What is required
Please give the whole listing again word for word, and drop any pictures it holds.

Given material
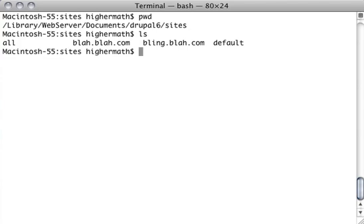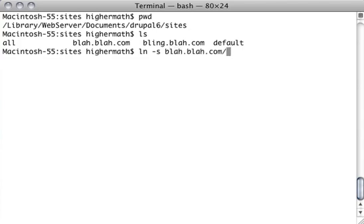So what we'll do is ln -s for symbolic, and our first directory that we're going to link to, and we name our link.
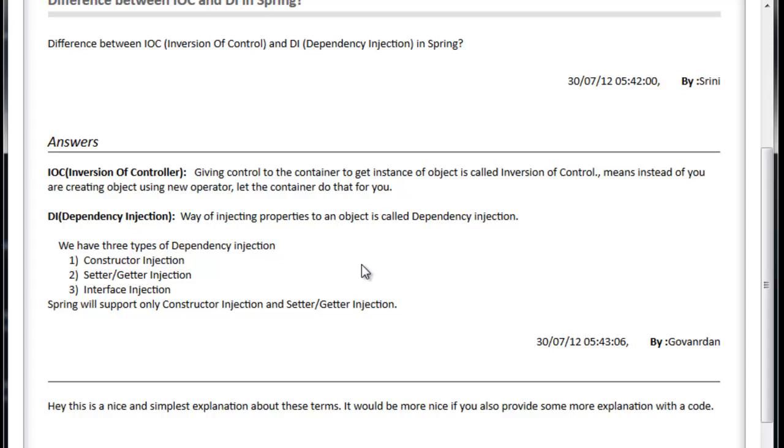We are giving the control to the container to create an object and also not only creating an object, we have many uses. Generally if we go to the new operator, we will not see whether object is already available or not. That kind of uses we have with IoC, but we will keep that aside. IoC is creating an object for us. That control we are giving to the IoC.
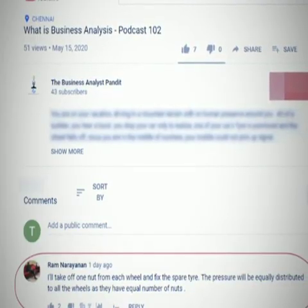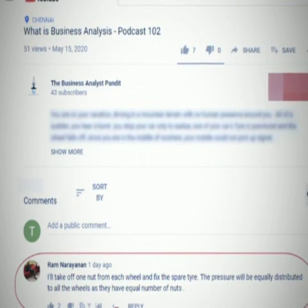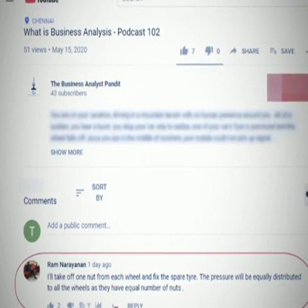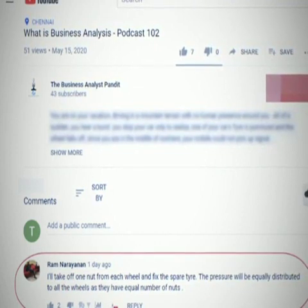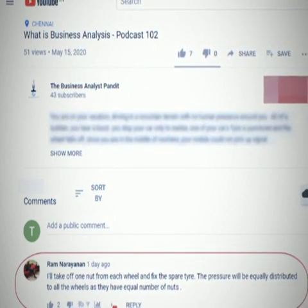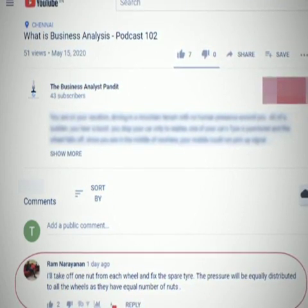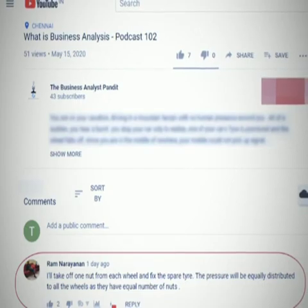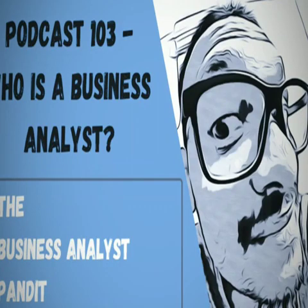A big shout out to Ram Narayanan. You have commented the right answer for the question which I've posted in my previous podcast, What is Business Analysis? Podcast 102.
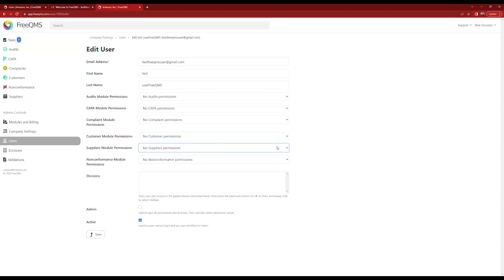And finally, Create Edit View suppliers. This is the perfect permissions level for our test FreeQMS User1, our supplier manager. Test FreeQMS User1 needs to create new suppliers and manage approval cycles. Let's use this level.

Response area
So what we'll do is ln -s for symbolic, and our first directory that we're going to link to, and we name our link.
We are giving the control to the container to create an object and also not only creating an object, we have many uses. Generally if we go to the new operator, we will not see whether object is already available or not. That kind of uses we have with IoC, but we will keep that aside. IoC is creating an object for us. That control we are giving to the IoC.
A big shout out to Ram Narayanan. You have commented the right answer for the question which I've posted in my previous podcast, What is Business Analysis? Podcast 102.
And finally, Create Edit View suppliers. This is the perfect permissions level for our test FreeQMS User1, our supplier manager. Test FreeQMS User1 needs to create new suppliers and manage approval cycles. Let's use this level.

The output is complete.